An N layer FNN is represented as the function composition.

x is called the input layer, the result is called the output layer, and the process is called the hidden layer.

Def Training data are pairs of the input x and neural network examples of f^*(x).

Day 9

Batch Gradient Descent

BGD is a type of Gradient Descent. The batch gradient descent method is aimed at the entire data set, and solves the direction of the gradient by calculating all samples.

BGD is relatively slow when the sample set is rather large, but can get the global optimal solution.

Stochastic Gradient Descent

The stochastic gradient descent algorithm can be seen as a special case of mini-batch gradient descent, that is, in the stochastic gradient descent method, the parameters in the model are adjusted according to only one sample at a time.

SGD is pretty fast at the price of accuracy.

Note that:

  • GPUs work better with power of 2 batch sizes
  • Always make sure dataset is shuffled before sampling minibatch
  • Large batch size > 256, while small batch size < 64

Extra Day 1

Let's take it easy and check the No Free Lunch Theorem.

The No Free Lunch Theorem is often thrown around in the field of optimization and machine learning, often with little understanding of what it means or implies.

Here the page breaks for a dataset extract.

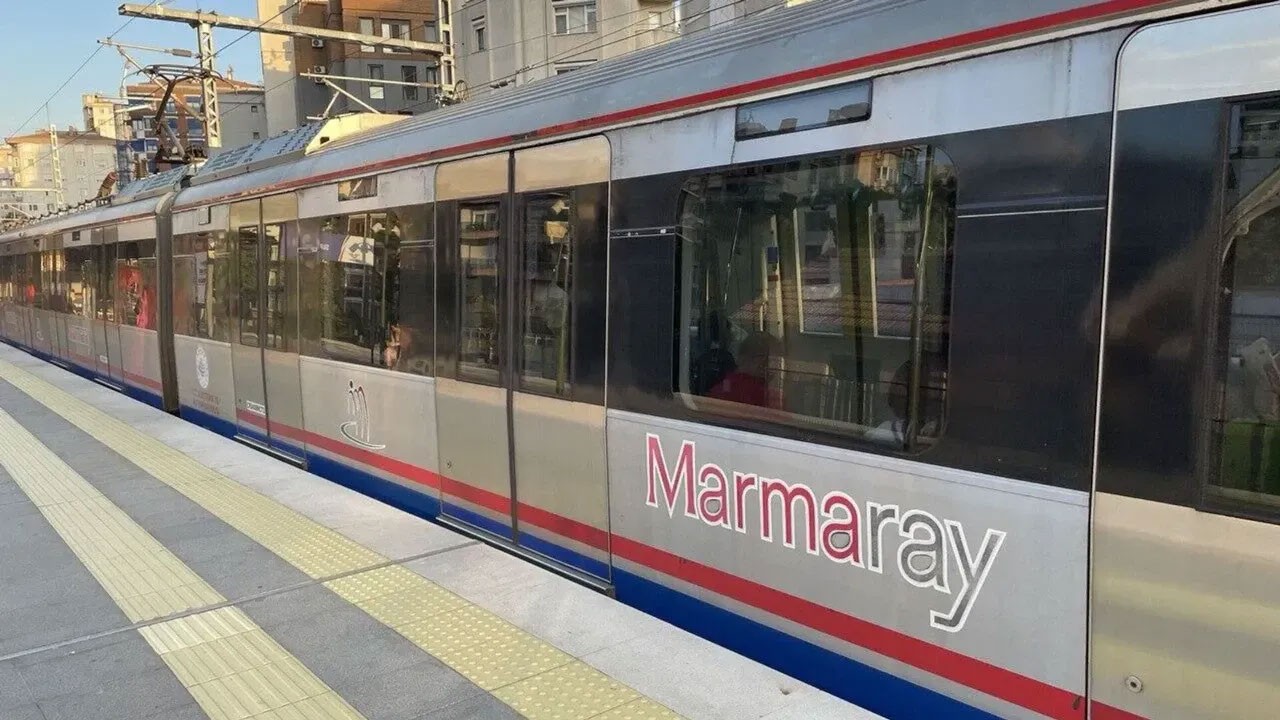 Marmaray istasyonu önünde korkunç olay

The theorem states that all optimization algorithms perform equally well when their performance is averaged across all possible problems. It implies that there is no single best optimization algorithm. Because of the close relationship between optimization, search, and machine learning, it also implies that there is no single best machine learning algorithm for predictive modeling problems such as classification and regression.

Data Splits

Based on experience, 70% training, 20% validation, 10% testing is recommended.

Reducing the effect of underfitting / overfitting

  • Underfitting(Training loss is high)
    • Train longer
    • More layer or more parameters per layer
    • Change architecture
  • Overfitting(Generalization gap is large)
    • More training data
    • Regularization
    • Change architecture

About hyperparameter:

In machine learning, a hyperparameter is a parameter whose value is used to control the learning process. By contrast, the values of other parameters (typically node weights) are derived via training.

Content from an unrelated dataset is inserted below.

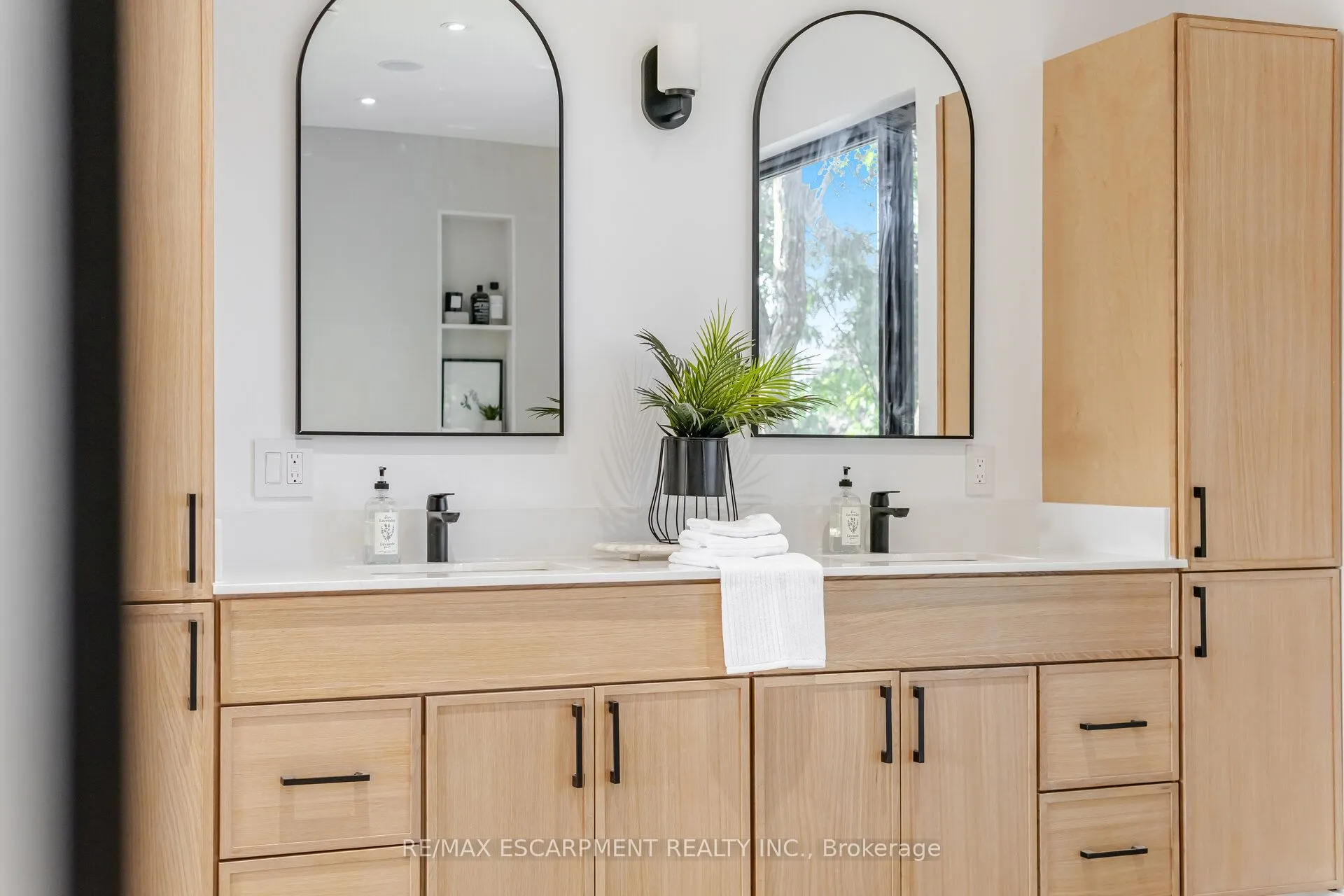 772 Banting Court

Learning from Data by Abu Mostafa from CalTech is recommended.

Extra Day 2

We can focus on clustering, unsupervised learning in the near future.

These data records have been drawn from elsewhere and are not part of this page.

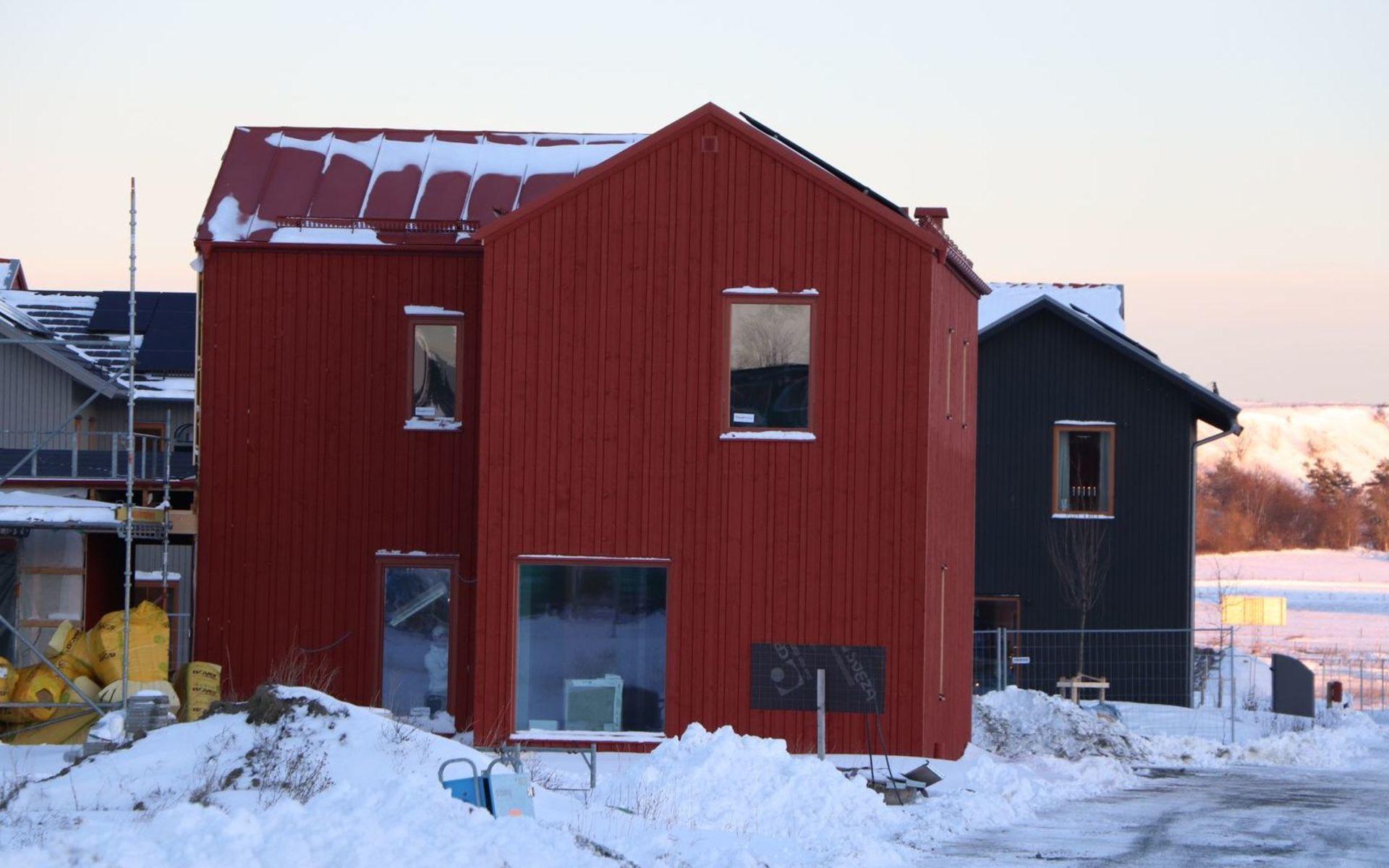 Vallbyn i Fjärås har byggts i två etapper. Nu säljs överblivet byggmaterial.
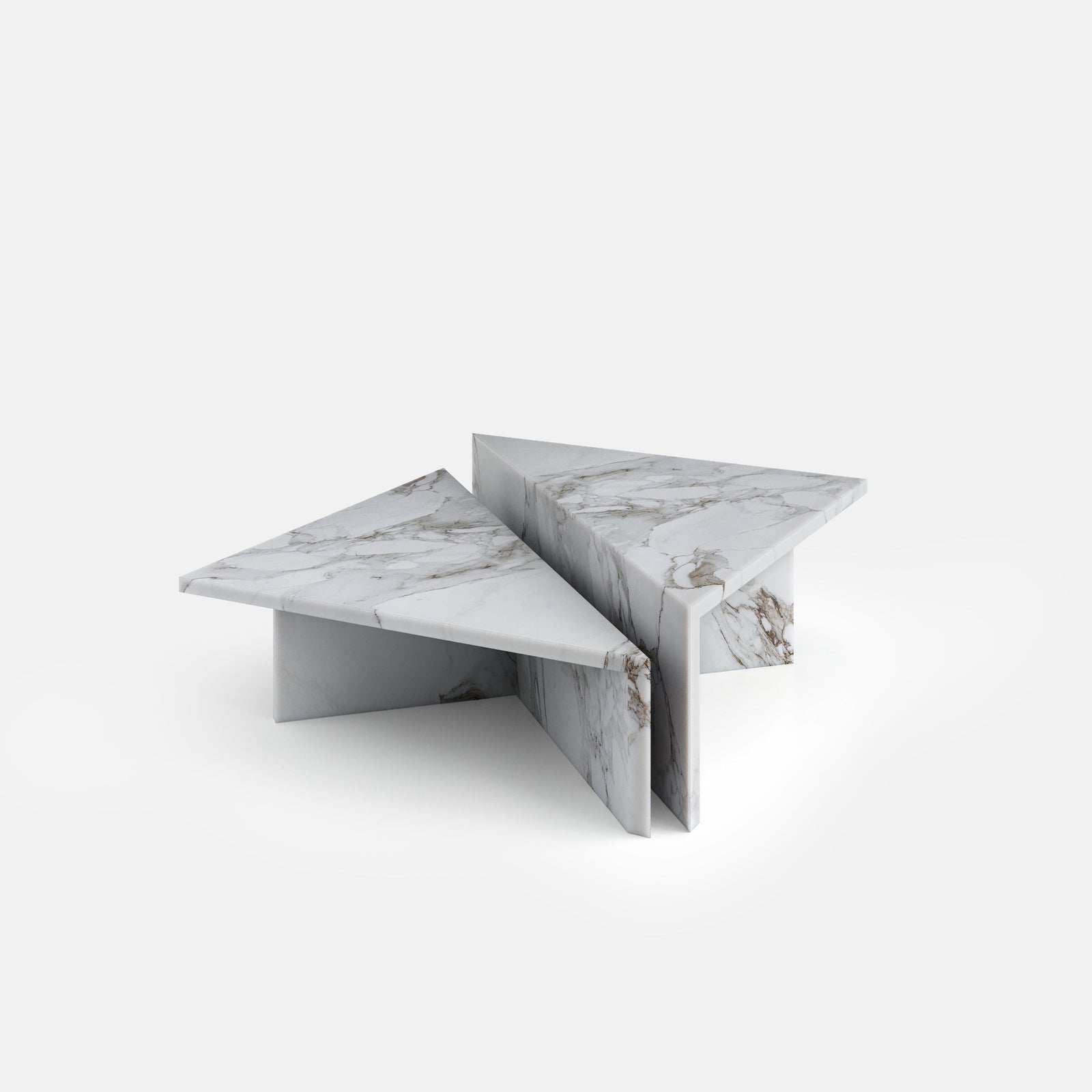 Table basse modulaire Dièdre composée de deux éléments triangulaires, configuration en Arabescato Corchia.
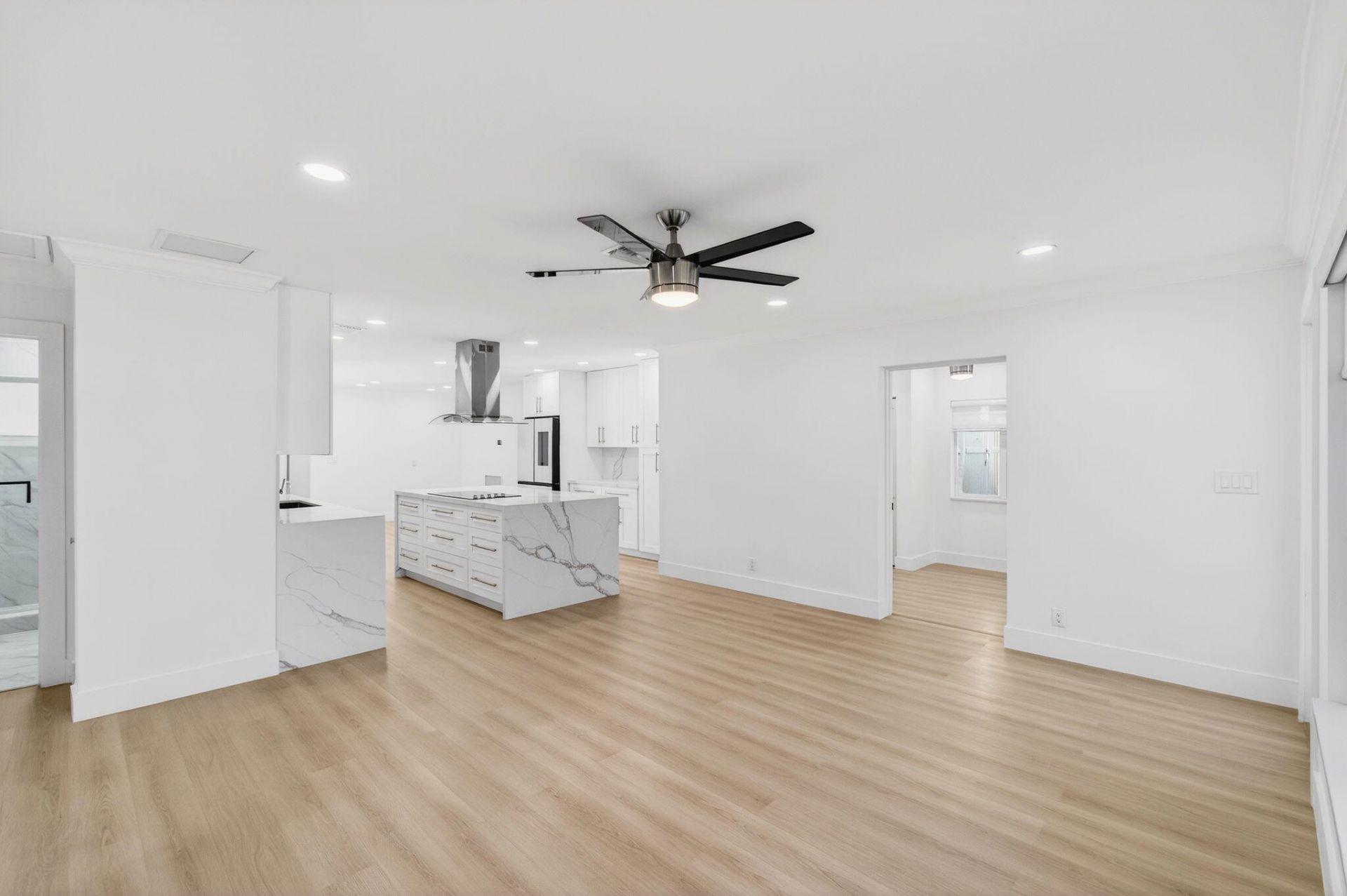 360 SW 2nd Street, Boca Raton, FL 33432 Photo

A brief introduction on U-Net model:

U-Net is a convolutional neural network that was developed for biomedical image segmentation at the Computer Science Department of the University of Freiburg. The network is based on the fully convolutional network and its architecture was modified and extended to work with fewer training images and to yield more precise segmentations. Segmentation of a 512 × 512 image takes less than a second on a modern GPU.

It's really important to fix dependencies and choose the right version of the dependency library when debugging the python code, for sure.